An area leading in the application of AI, according to Presagen Co-Founder and CEO, Dr Michelle Perugini, is healthcare.
“The healthcare sector is actually quite unique because it is a highly regulated industry already and it already operates under very strong risk and regulatory framework, so in some ways I see the healthcare framework being really reminiscent of how AI is going to be regulated into the future,” she said.
However, Dr Perugini said some of the limitations around development and expansion of AI stem from use of data.
“Challenges that are going to impactnot only on AI development in healthcare but also more generally in other industries, some of those challenges that I see kind of fall into two different classes,” she said.
“One is around the actual building of AI.
“The inherent biases that exist within data sets is a huge consideration here, and one of the big challenges that we've had to overcome, and many others will also, is the access to good quality data.
“What happens in the healthcare sector, there's a lot of restrictions around data privacy and sharing data, so how then do you build an effective, scalable AI that is built on a diverse enough data set if you can't move data from different countries and different clinical environments into a central location to build the AI? Very difficult.
“There's data privacy considerations, there’s data ownership issues, who owns the data? How willing are they to give that data?
“There's a whole range of issues that come up in the healthcare sector that will also become relevant in other industry sectors that are looking to build AI.

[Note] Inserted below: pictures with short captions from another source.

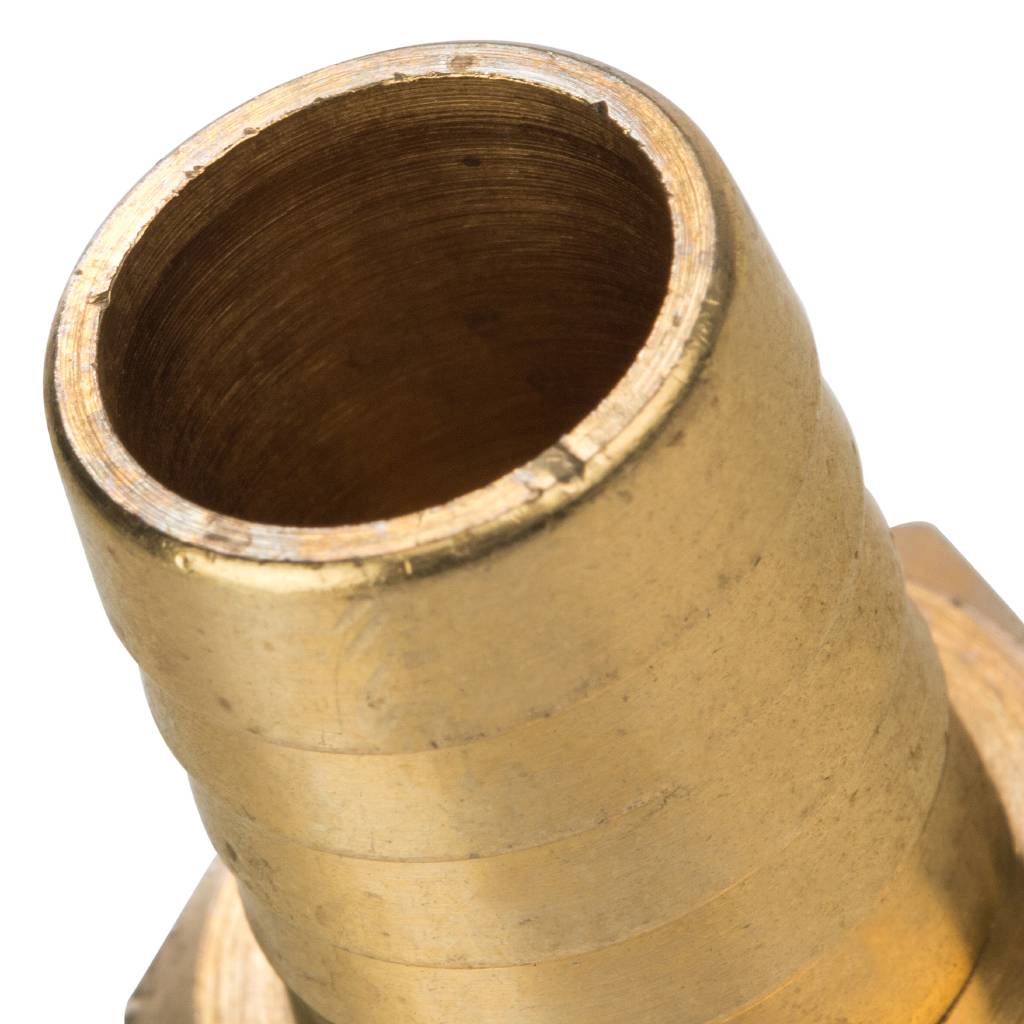 Штуцер STOUT ВР 1/2X18, SFT-0036-001218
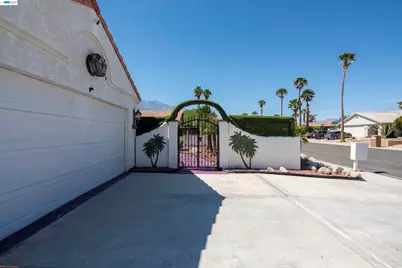 67715 Medano Rd, Cathedral City, CA 92234 - Photo 3
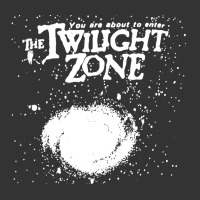 twilight zone vintage faded style design | Teevron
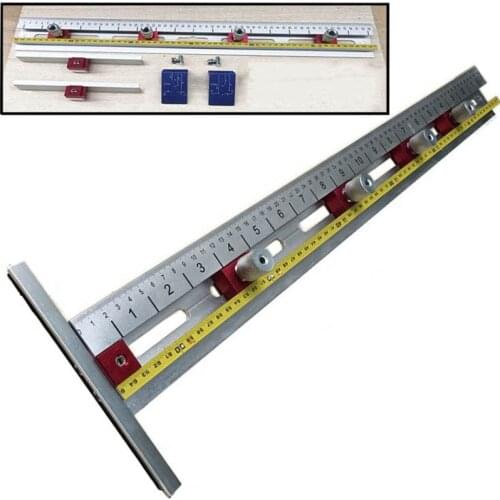 Woodworking Punch Locator Doweling Jig Invisible Connector Fastener Self Centering Hole Drill Guide Kit Hinge Jig Carpenter Tool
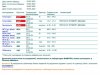 Курилка- разговоры на любые темы - Бодибилдинг форум AnabolicShops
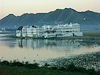 Udaipur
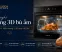 Công nghệ nướng 3D bù ẩm là gì ?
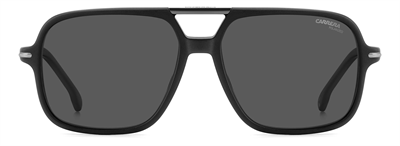 CARRERA 350/S RZZM9 58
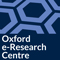 OeRC Logo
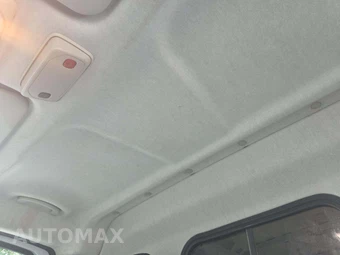 2025 Ram ProMaster 2500 Cargo Van Tradesman w/Passenger Seat High Roof 159.0" WB - miniatura 11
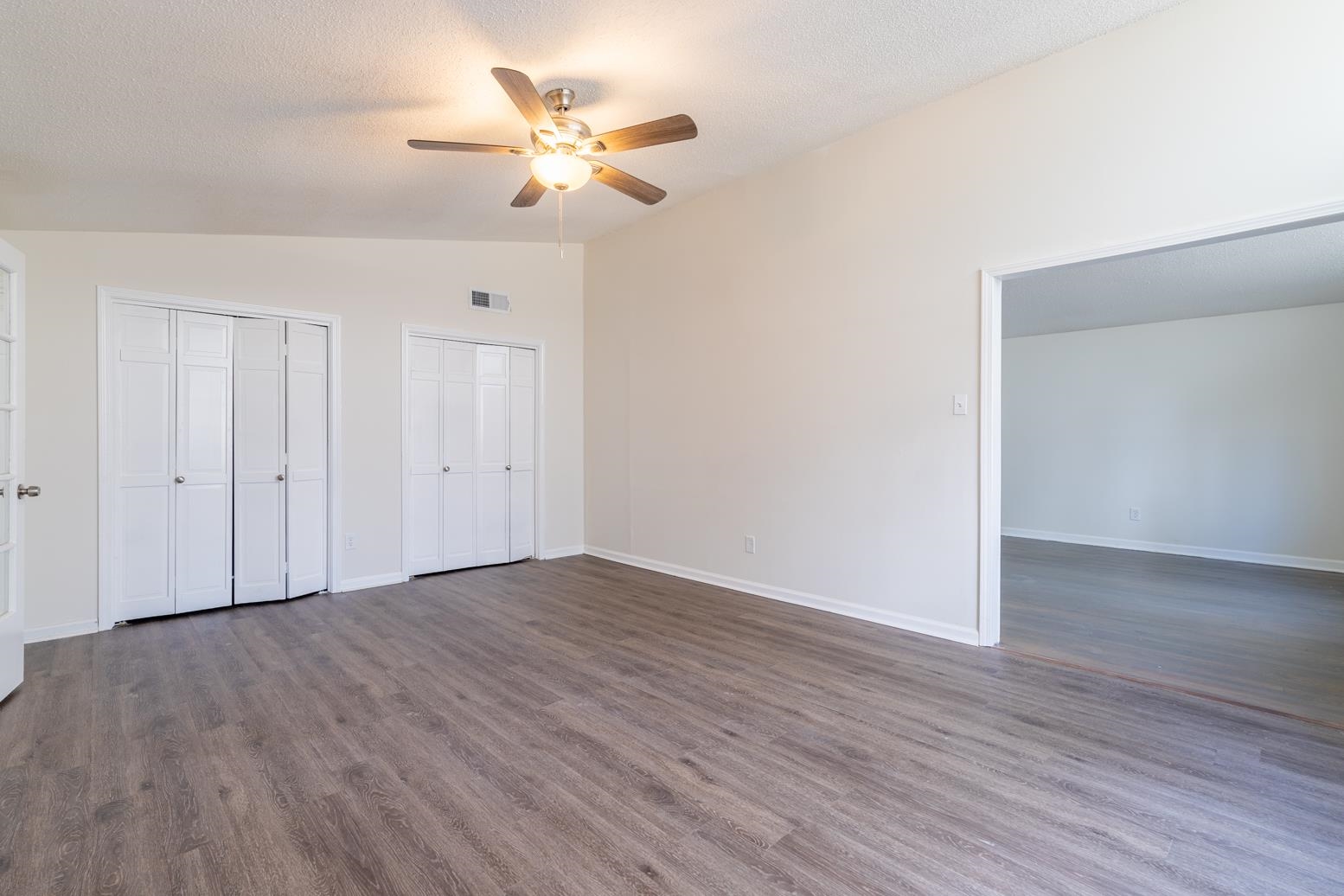 3096 Knight Road Memphis, TN 38118 - Photo 8 of 25 Gallery Image 8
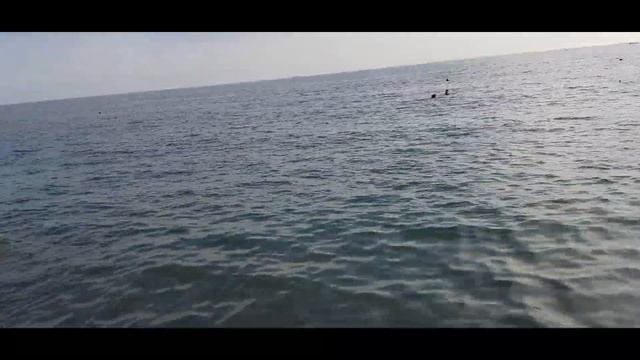 Пляж Дюрсо смотреть онлайн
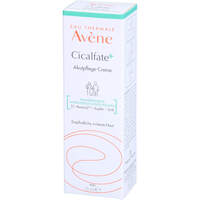 Avene Cicalfate+ Akutpflege-Creme, 15 ml, PIERRE FABRE DERMO KOSMETIK GmbH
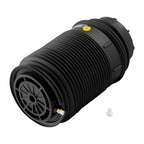 Pneumatic Suspension Air Spring Bag for Mercedes-Benz CL CLS (2010–2014) 2123200725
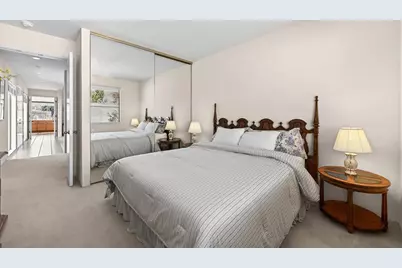 2046 Texas Bar Court, Gold River, CA 95670 - Photo 38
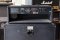 Marshall MG100 HDFX 2003 + Cabinet 412MG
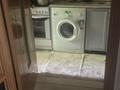 2-комнатная квартира · 60 м² · 3/4 этаж, 8-й микрорайон, Бейбитшилик 2 — АРБАТ за 160 000 ₸ в Шымкенте, Туран р-н — фото 5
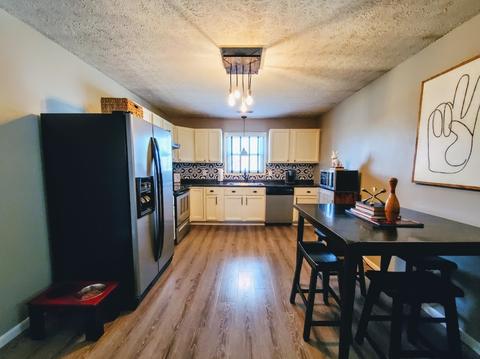 1114 Tulip St, Mitchell, IN 47446 photo 5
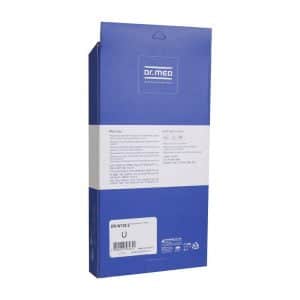 آتل انگشت میانی دست دکتر مد مدل DR-W132-2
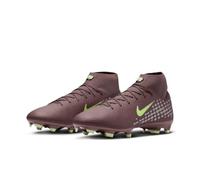 NIKE ZM Superfly 10 ACAD KM FG/MG Soccer Shoes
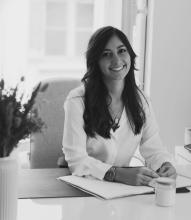 Photo site avocat f.jpg Photo site avocat f.jpg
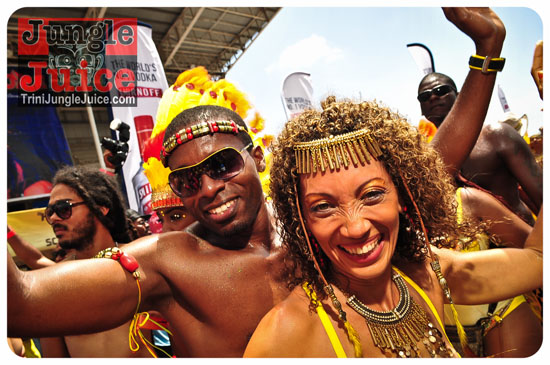 tribe_carnival_tuesday_2014_pt1-057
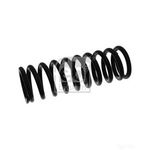 Coil Spring | Febi Bilstein 43620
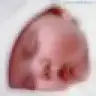 sulekaratas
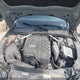 WAUEACF50NA027396 2022 Audi A5 45 Technik auction photo thumbnail 10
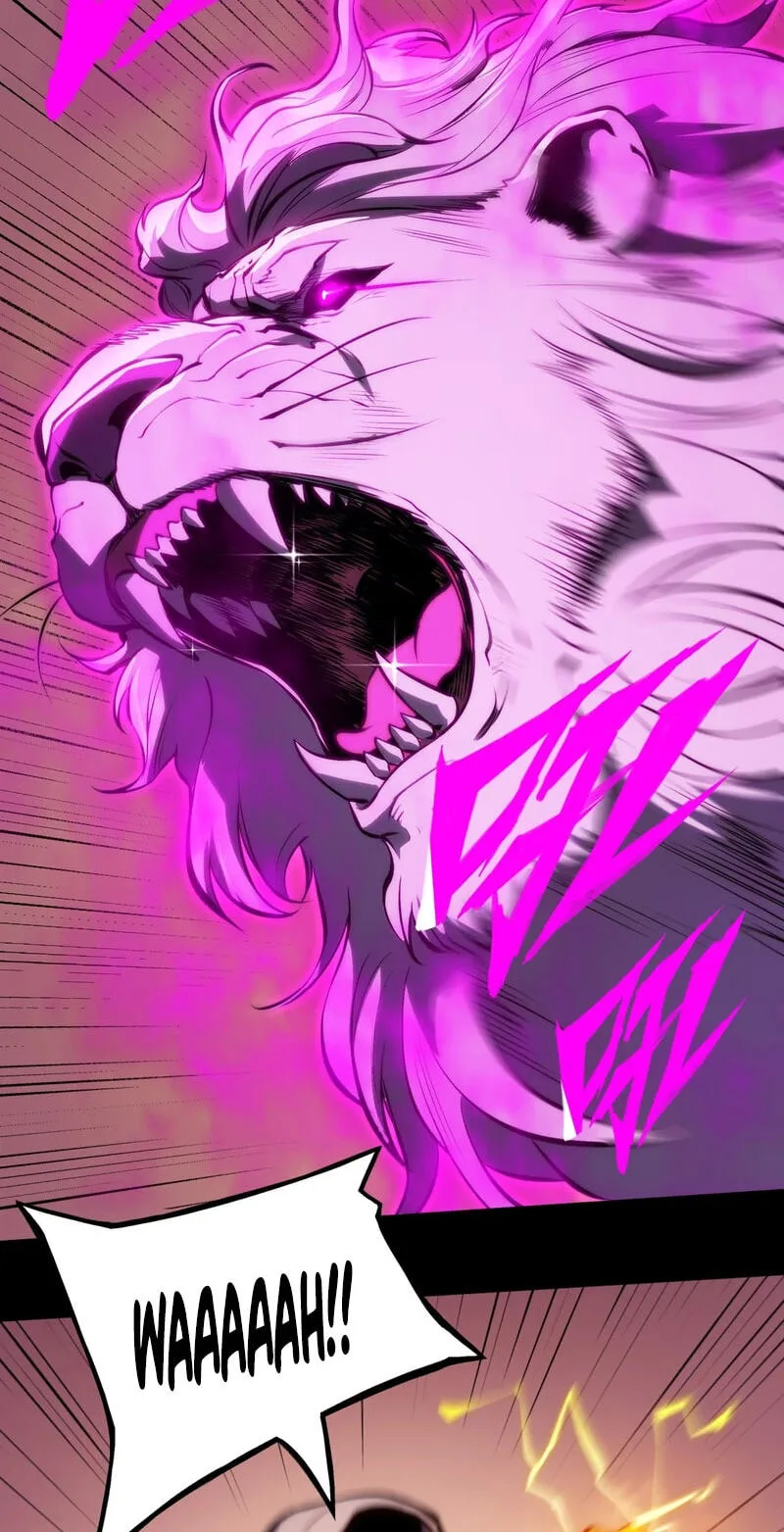 Return of the Devourer, chapter 33, page 33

“There's this big piece around education of society, around the potential of AI to positively improve things like healthcare outcomes, things like education, agriculture, all of these different industries have an enormous potential for AI to really have a positive impact.
"There needs to be that protective risk framework and the right narrative that allows people to understand exactly how their data is being used, for what purpose, and for the greater good of the society in general.”